Oui, bien sur, le prix d’entrée est de 50,000 dollars, et c’est une très belle somme. Quoique pas aussi impressionnante qu’en 2006, lorsque le tournoi avait été mis pour la première fois au programme des World Series of Poker. Depuis, les tournois « High Roller » se sont multipliés en Europe et à Macau, et on s’extasie moins qu’avant devant ces somme à cinq chiffres. Mais tout de même : 50,000 dollars, cela reste suffisant pour faire de n’importe quel tournoi un tournoi particulier. Soit.

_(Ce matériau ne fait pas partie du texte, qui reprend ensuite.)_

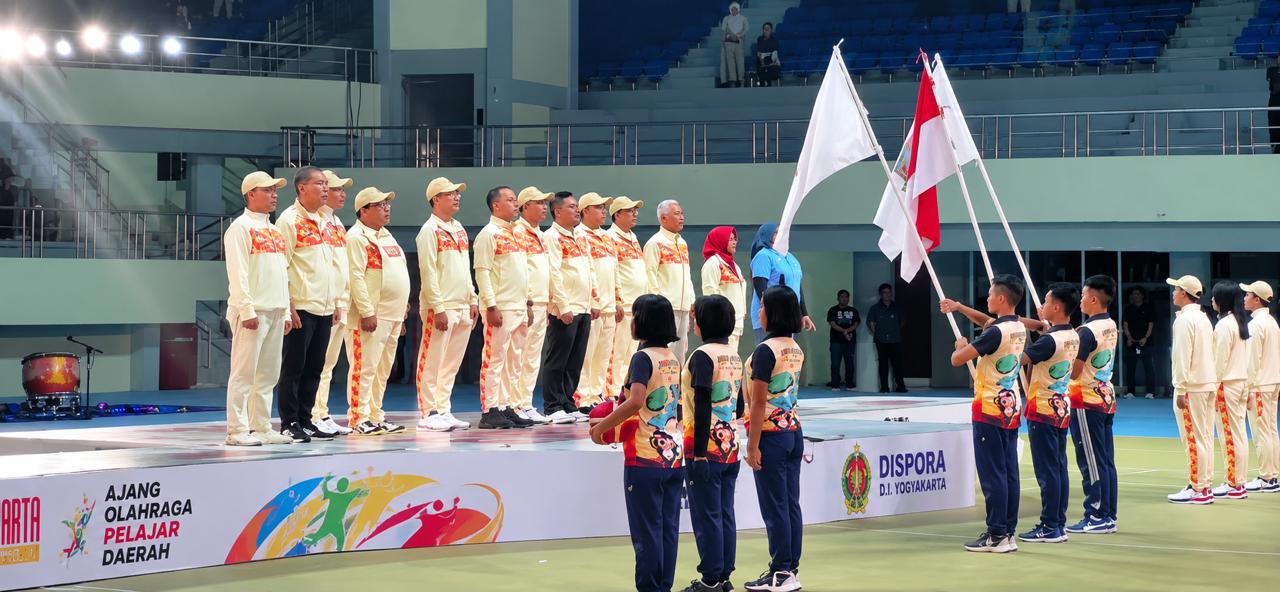 WALI KOTA SURAKARTA LEPAS KONTINGEN PORPROV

Après, seconde évidence qui découle de la première : forcément, la quantité de joueurs prêts à participer à ce genre d’épreuve est limitée. C’est un petit club de joueurs, une grosse centaine tout au plus. Des joueurs talentueux, des joueurs pensant être talentueux, des joueurs dont on pense qu’ils sont talentueux, des joueurs riches, voire très riches, des joueurs ayant beaucoup gagné dans le passé, des joueurs gagnant encore beaucoup aujourd’hui, des joueurs ayant suffisamment de connaissances sur le circuit pour se faire financer l’inscription, rayez les mentions inutiles, chacun des 132 participants remplit deux ou trois de ces conditions, très peu les remplissent toutes.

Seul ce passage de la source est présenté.